Vor Kurzem erreichte mich eine Anfrage mit der Bitte um meine fachliche Einschätzung. Das Dach eines Hallenbades soll saniert werden. Die vorhandenen Dachsparren sollen dabei möglichst bestehen bleiben und die Dampfsperre seitlich an den Sparren befestigt werden. Darüber sei dann der neue Dachaufbau mit einer Metalldeckung (siehe Bild 9) vorgesehen. Aus meiner Sicht besteht hier die Gefahr, dass die Hallenbadluft in die Sparren diffundieren und die Befestigungsmittel angreifen oder das Holz schädigen kann. Auf diese Problematik sollte der Planer hingewiesen werden, und der Spengler muss seine Bedenken anmelden. Vorsicht ist besonders bei Sanierungen geboten, aber der Reihe nach ...

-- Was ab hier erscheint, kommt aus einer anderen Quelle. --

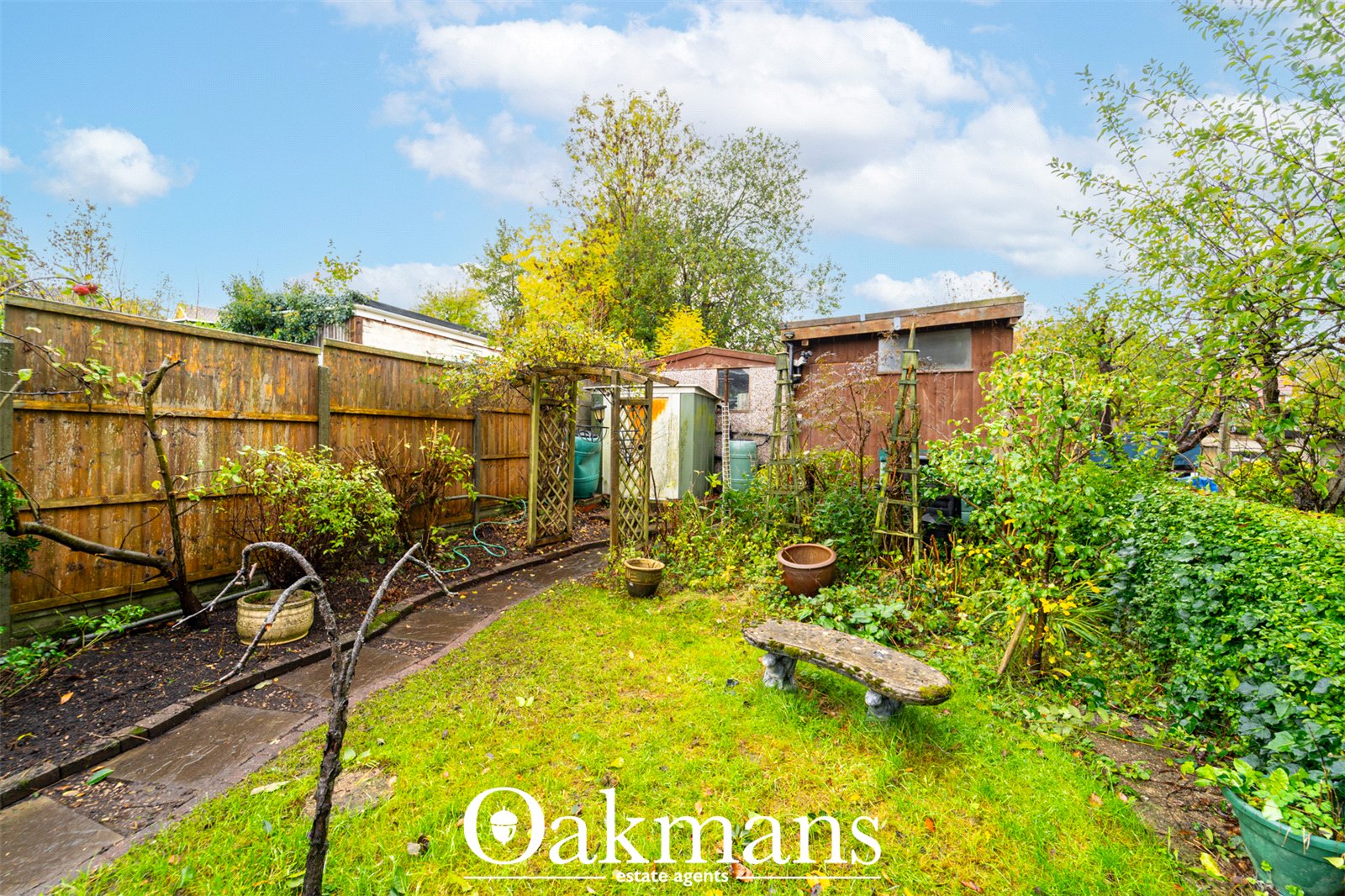 Nigel Avenue, Birmingham, B31
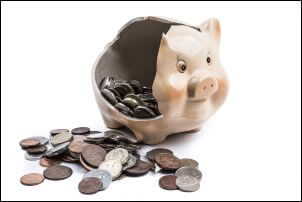 piggy bank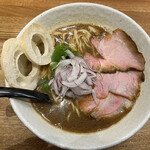 らーめん専門 和心 - 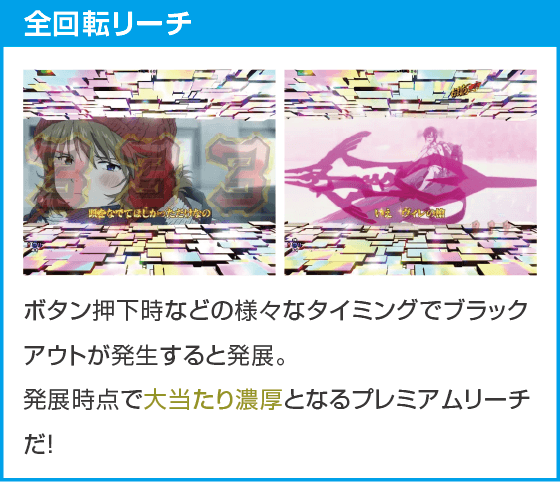 ぱちんこ シン・エヴァンゲリオン PREMIUM MODELのスペック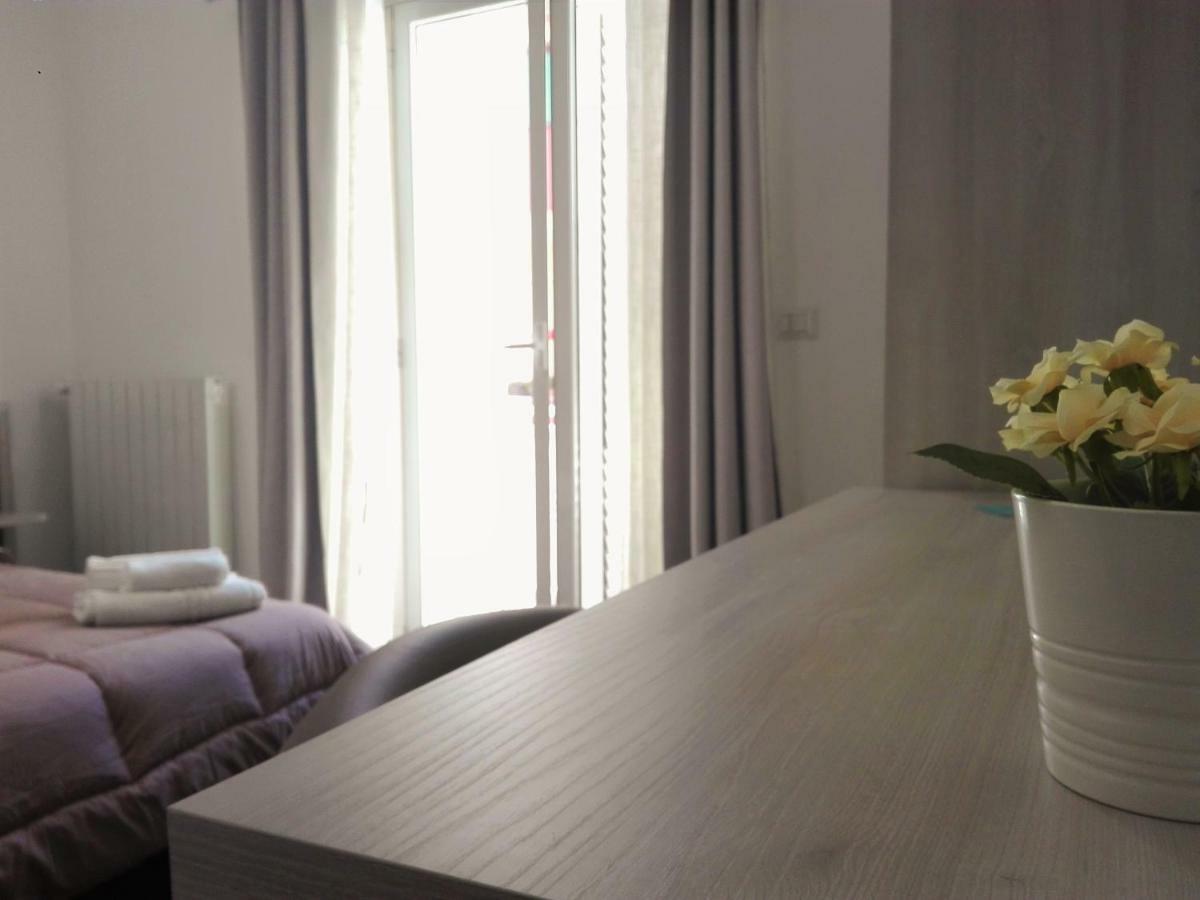 B&B Vittoria Gallipoli Extérieur photo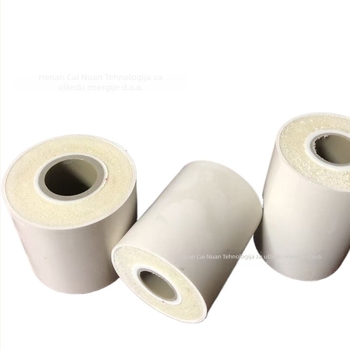 Jinqiao PPR izolacijska cijev s integriranom izolacijom od poliuretanske pjene, trostruko ojačan dizajn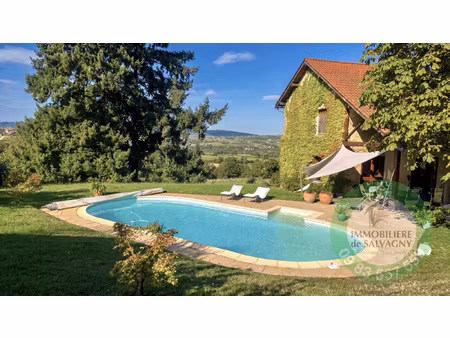 à vendre magnifique propriété des années 70 avec sous-sol co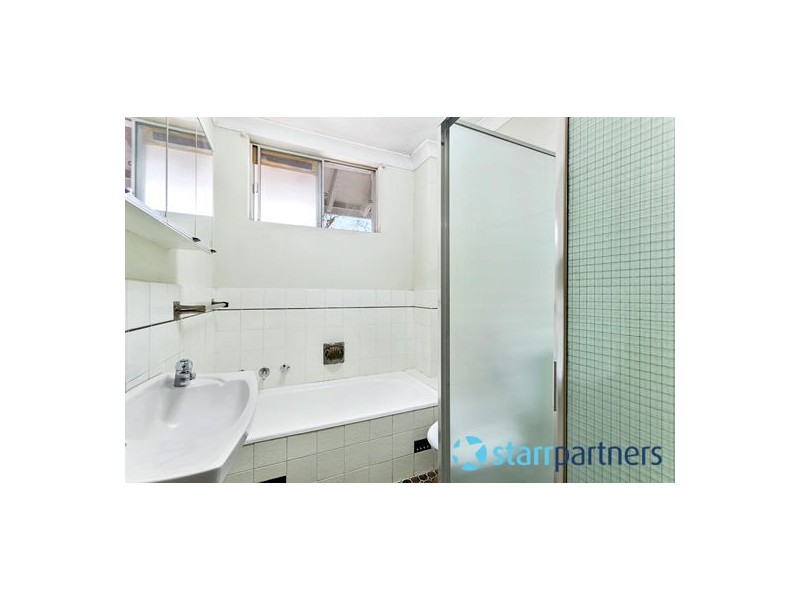 23/9-13 Castle Street, North Parramatta NSW 2151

Raumklima niemals unterschätzen

Das Raumklima in Hallenbädern ist für Korrosionsvorgänge sehr förderlich. Die Feuchtigkeitssättigung der Schwimmhallenluft und die erhöhte Temperatur sowie der Chlor- und Salzgehalt können bei dauerhafter Belastung auf nicht beständigen Metallen Korrosion hervorrufen.

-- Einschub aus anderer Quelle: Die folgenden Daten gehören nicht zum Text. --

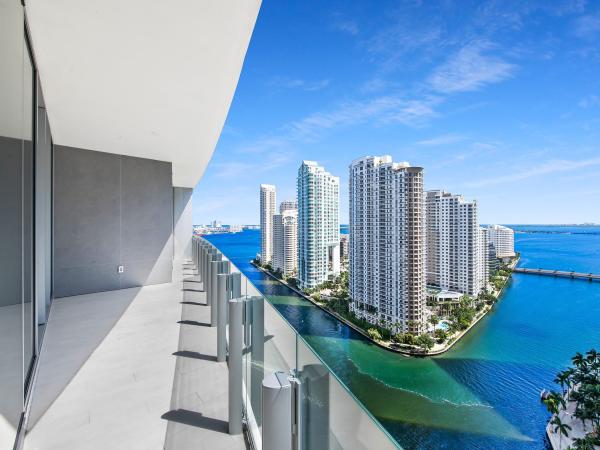 Muze At Met, 300 Biscayne Blvd Way #2306, Miami, Florida 33131, image 1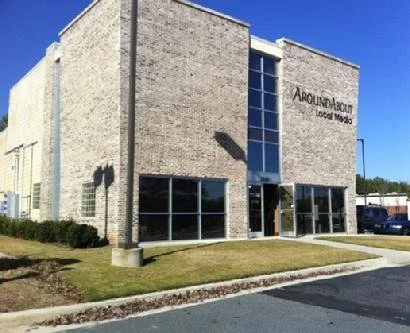 Bank Owned 6,500 retail/office in Towne Lake.
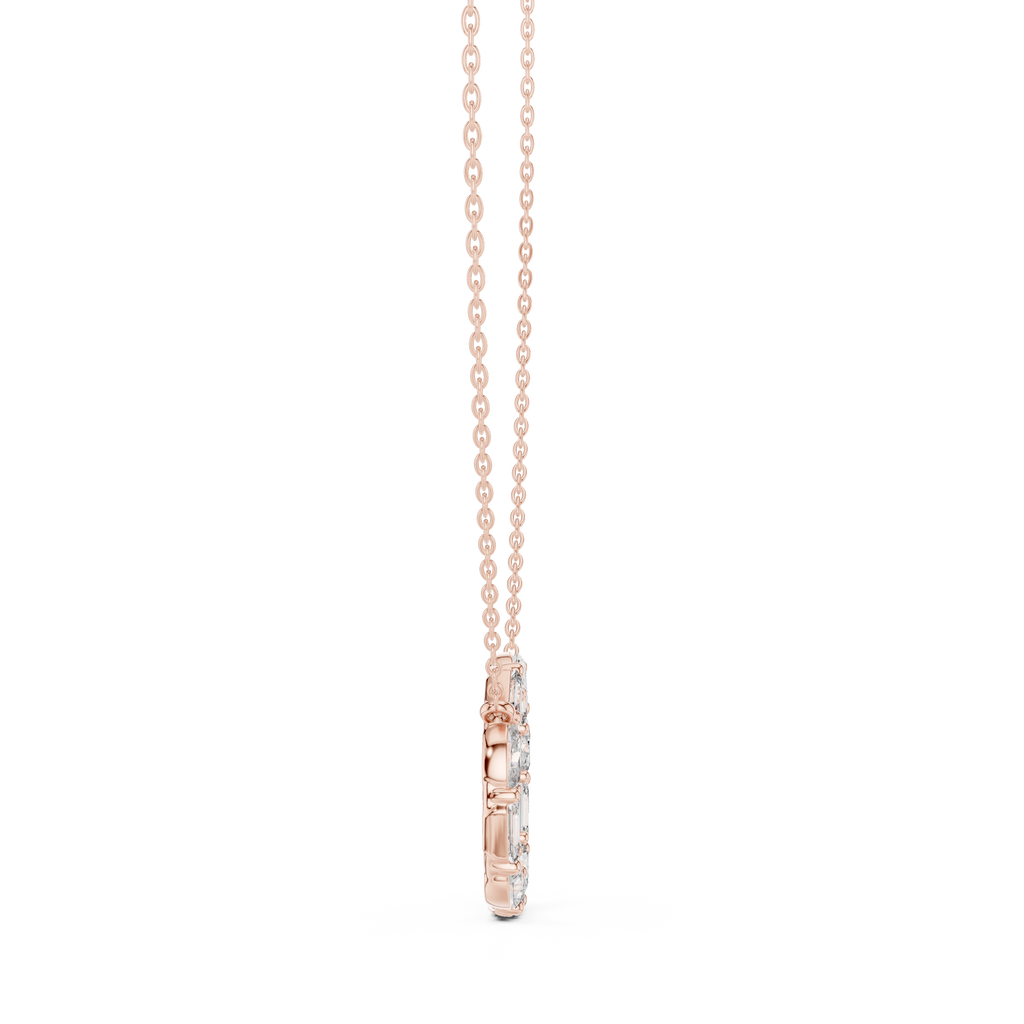 Fancy Mix Pendant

Ich erkläre es an folgendem Beispiel genauer: Das Dach des Ellwanger Hallenbades wurde beim Bau 1980/81 mit einer Doppelstehfalzeindeckung aus Kupfer gedeckt. Die Dachneigung beträgt 20° und wurde aufgrund der Scharenlängen mit Aufschieblingen unterteilt. Aufhorchen lässt die Tatsache, dass das Dach als unbelüftete Warmdachkonstruktion geplant wurde. So weit, so gut.

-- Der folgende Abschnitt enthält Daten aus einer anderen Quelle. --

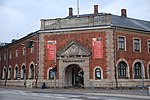 Helsingør Custom House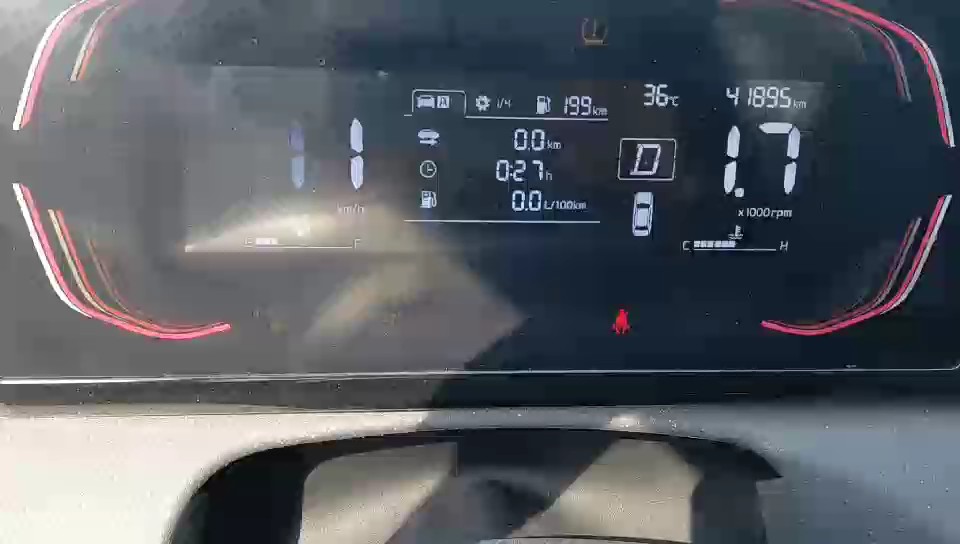 كيا K3  2024 video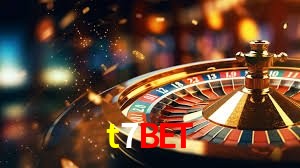 Design Responsivo t7bet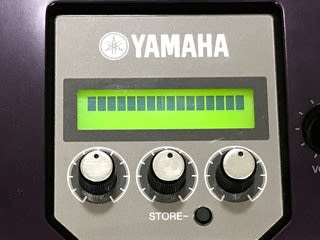 YAMAHA UB99 Magicstomp - ブログはじめました! YAMAHA UB99 Magicstomp - ブログはじめました!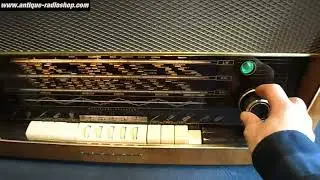 GRUNDIG 4090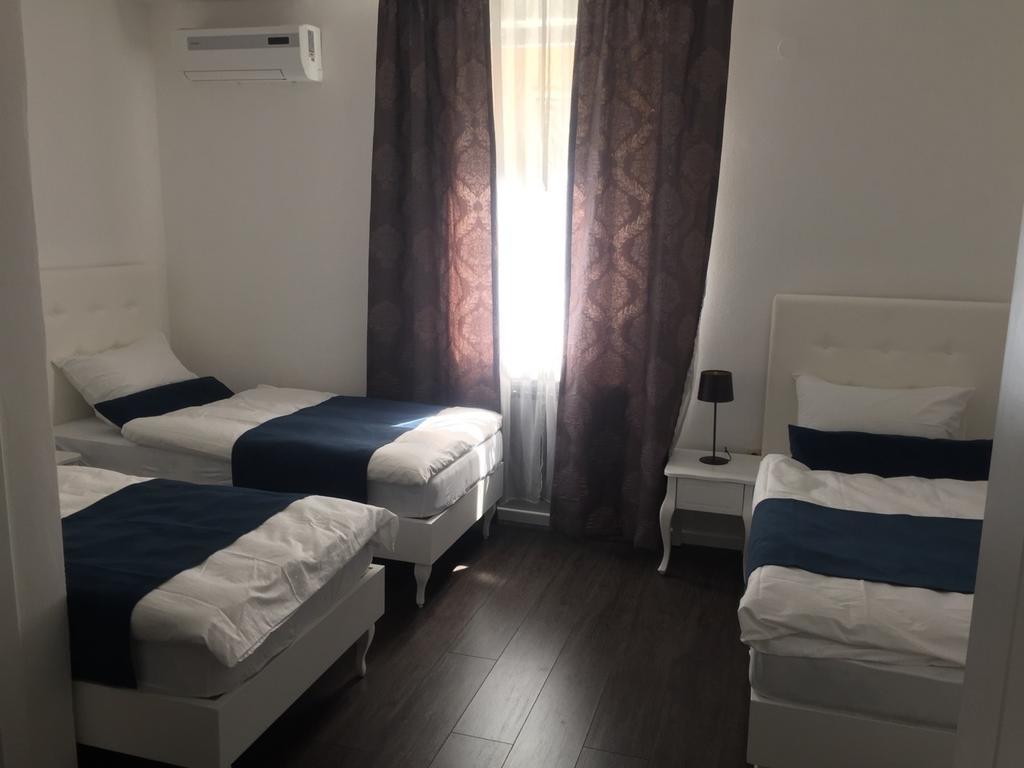 Hotel International Medjugorje Exterior photo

Der Auftrag für die Arbeiten wurde damals an meinen Vater, den Flasch­nermeister Wolfgang Stelzer, erteilt. Für eine zu diesem Zeitpunkt als 3-Mann-Betrieb tätige Flaschnerei war das eine große Herausforderung. Entsprechend sorgfältig ging mein Vater dieses Projekt an und gründete eine Arbeitsgemeinschaft mit den Flaschnereien Vitus König und Alwin Rembold. Förderlich für eine fachgerechte Ausführung war die Tatsache, dass kurz vorher (1979) die erste Fassung der Klempnerfachregeln herausgegeben worden war. Mein Vater hielt sich bei der Ausführung zum Glück genau an dieses Regelwerk (Haftabstände, Dehnung, max. Länge der Scharen usw.).

Mysteriöser Dachschaden

Ein paar Jahre nach Fertigstellung erreichte den Flaschnermeister Wolfgang Stelzer der Anruf, dass das Hallenbaddach undicht sei. „Das kann nicht sein“, war sich mein Vater sicher. Nach einigem Hin und Her wurde vom Gericht ein Sachverständiger mit der Klärung des Sachverhalts beauftragt. Die Klempnerarbeiten waren entsprechend dem Gutachten mangelfrei! Der fachregelkonformen Ausführung sei Dank – denn anderenfalls hätte die Flaschnerei Stelzer diesen enormen Schaden finanziell nicht überlebt!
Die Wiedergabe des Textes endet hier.